Le Lambrusco di Grasparossa di Castelvetro (élaboré à 85% avec le cépage homonyme) est le plus fortement aromatique et concentré. Le Lambrusco Salamino di Santa Croce (élaboré à 90% avec le cépage homonyme) peut par contre être conservé pendant cinq ans grâce à sa structure.

Tous ces vins se déclinent en versions rouge et rosé.

La DOC Reggiano Lambrusco est située en Province de Reggio Emilia et protège toutes les variétés de vins que l’on peut obtenir des différents cépages de Lambrusco: blancs mousseux, rouges et rosés.
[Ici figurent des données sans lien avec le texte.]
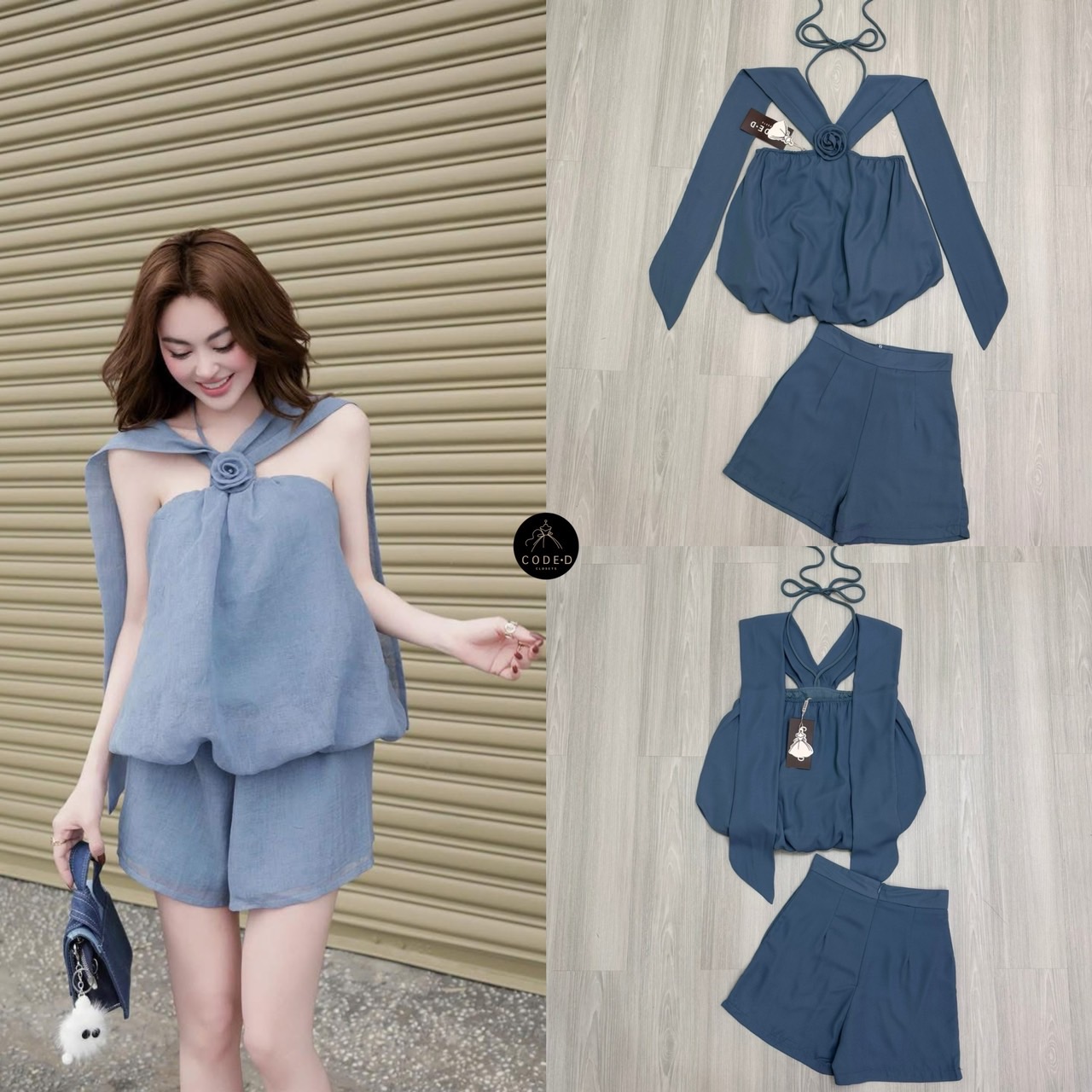 (ป้าย CODE-D) Set 2 ชิ้นสีครามผ้าชีฟองเนี้อทราย ตัวเสื้อแขนกุดสายคล้องคอผูกโบว์และสายคาดไหล่ระบาย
En Lombardie on produit le Mantovano Lambrusco DOC. Il s’agit d’un vin léger et fruité, pouvant être rouge ou rosé, fait avec diverses sous-variétés de Lambrusco.

Le Lambrusco traditionnel était un vin sec, dont la mousse était due à une deuxième fermentation en bouteille, exactement comme pour le Champagne.

Les progrès technologiques des années 60 ont radicalement changé le modèle du Lambrusco.

Avec l’introduction de la méthode Charmat, les producteurs ont pu augmenter excessivement la quantité et rendre le vin plus doux. C’est précisément ce modèle produit à l’échelle industrielle, qui, à la fin des années 70 et au début des années 80 a littéralement envahi les Etats-Unis, où il a été commercialisé comme une espèce de Coca-Cola italien.

A l’apogée de son succès, le Lambrusco représentait environ 50% des vins italiens importés aux Etats-Unis. Le représentant d’une importante entreprise vinicole de Modène m’a dit: “Dans les années 80 pour nous en Amérique il n’y avait que les affaires qui comptaient: n’importe quoi de pétillant dans une bouteille portant l’étiquette Lambrusco se vendait comme des petits pains. Le Lambrusco n’était d’ailleurs pas considéré comme un vin, mais comme une espèce de boisson”.

Mais dans les années 90, les passionnés du vin devinrent plus attentifs et se donnèrent comme devise: “Moins, mais mieux”. Et “mieux”, dans le cas du Lambrusco, signifia frais et fruité plutôt que doux; une structure bien définie en opposition à l’inconsistance amorphe d’une boisson de masse. Les producteurs d’Émilie-Romagne, au cours de ces dernières années, ont reconnu la nécessité d’un retour aux racines en produisant des vins plus secs, et mieux structurés. Ces vins sont excellents, et parfaits en accompagnement de repas. Malheureusement, la majeure partie des meilleurs Lambrusco n’est pas encore exportée. Cela vaut cependant la peine de les rechercher.

Remarques sur le goût et la couleur

En général, les vins à base de Lambrusco di Sorbara se présentent de couleur rose brillant; ceux contenant plus de Grasparossa seront d’une profonde couleur cerise, alors que ceux à base de Salamino seront d’un pourpre très obscur avec une mousse vive et violette. Tous les Lambrusco ont un faible degré en alcool (autour de 10,5°) et devraient avoir une acidité fraîche et élevée.
Au palais le vin révèle des arômes amples et fruités, pouvant être de fraises, de framboises et de baies sauvages; le goût qu’il laisse doit être net et typique.

L’acidité élevée et la saveur fruitée des Lambrusco secs en font un partenaire idéal pour les spécialités émiliennes, qui sont souvent riches de gras et d’arômes. Les Lambrusco plus consistants conviennent particulièrement à la viande de porc assaisonnée avec des baies de genièvre, à l’agneau rôti, aux salami, saucisses et ragoûts.

L’agréable vivacité de ceux plus légers et plus simples s’accouple par contre bien avec le zampone et les lentilles à la vapeur avec la mortadelle.